Kesulitan kedua, tidak adanya tempat tinggal. Seperti umumnya keluarga muda, keluarga ini mengalami hal yang sama. Mereka tidak memiliki tempat tinggal yang pasti, sehingga ketika akan mendekati hari kelahiran Anak mereka, terpaksa berbagi tempat dengan hewan-hewan. Bahkan Sang Bayi ditelakkan dalam palungan (tempat makan hewan) hanya berbungkuskan kain lampin. Dalam palungan hendak menegaskan kepada kita bahwa Yesus ini kelak akan menjadi makanan jiwa (ekaristi) bagi manusia dan dunia.
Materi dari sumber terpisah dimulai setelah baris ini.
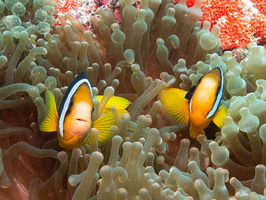 Clark s Anemonefish  on Bulb-tentacle  AnemoneIMG 0158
Kesulitan ketiga adalah penindasan dan penganiayaan penguasa Romawi (juga dari Herodes) sehingga keluarga kecil ini harus mengungsi ke Mesir. Bayangkan betapa repotnya Yoseph harus membawa istri dan Anaknya berjalan kaki (sembari sesekali menuntun keledai bersama Maria dan sang Bayi di punggung keledai). Dengan jarak yang ratusan kilometer, tentu tidak hanya sehari dua hari perjalanan mereka. Betapa menderitanya mereka bertiga dalam pengungsian itu.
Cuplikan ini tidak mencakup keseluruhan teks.